▸ Exercise prompt: The task for the listing below is to write out exactly the lines starting at the one containing "Chixol . Spark uchun" and ending at the one containing "Tonies Audio Play", both included. Pictures are to be omitted.

▸ Supplied material:
---------------
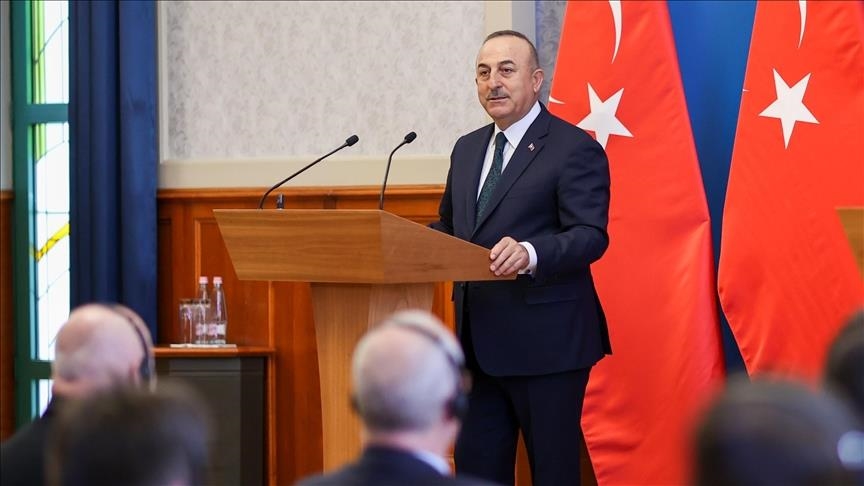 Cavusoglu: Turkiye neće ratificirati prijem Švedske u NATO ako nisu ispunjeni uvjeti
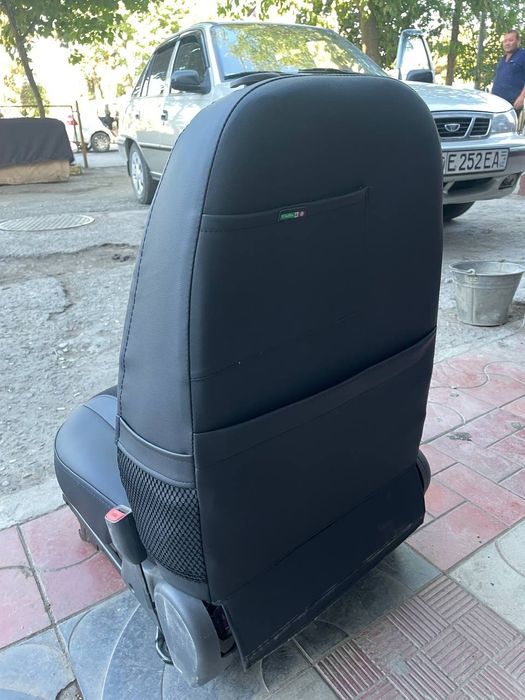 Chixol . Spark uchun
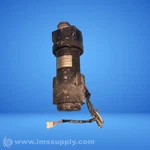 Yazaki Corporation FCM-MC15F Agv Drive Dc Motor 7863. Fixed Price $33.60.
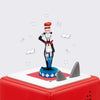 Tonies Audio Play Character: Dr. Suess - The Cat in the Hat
---------------
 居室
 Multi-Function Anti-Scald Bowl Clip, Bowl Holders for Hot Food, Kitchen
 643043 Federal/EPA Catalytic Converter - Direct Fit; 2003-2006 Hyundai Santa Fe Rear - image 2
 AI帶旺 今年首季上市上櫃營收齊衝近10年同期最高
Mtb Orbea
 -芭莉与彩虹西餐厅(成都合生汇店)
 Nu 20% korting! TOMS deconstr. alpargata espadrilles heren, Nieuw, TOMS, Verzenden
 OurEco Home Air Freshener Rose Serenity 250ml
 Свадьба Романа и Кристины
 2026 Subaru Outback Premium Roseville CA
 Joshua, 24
---------------
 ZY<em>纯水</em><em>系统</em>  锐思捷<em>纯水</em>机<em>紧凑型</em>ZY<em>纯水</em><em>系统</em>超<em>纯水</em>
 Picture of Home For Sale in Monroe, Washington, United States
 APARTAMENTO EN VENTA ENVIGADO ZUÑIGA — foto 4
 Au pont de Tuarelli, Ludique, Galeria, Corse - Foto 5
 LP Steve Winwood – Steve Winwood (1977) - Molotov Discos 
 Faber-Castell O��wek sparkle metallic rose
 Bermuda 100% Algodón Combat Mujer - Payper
---------------
▸ Answer for the task:
 Chixol . Spark uchun
 Yazaki Corporation FCM-MC15F Agv Drive Dc Motor 7863. Fixed Price $33.60.
 Tonies Audio Play Character: Dr. Suess - The Cat in the Hat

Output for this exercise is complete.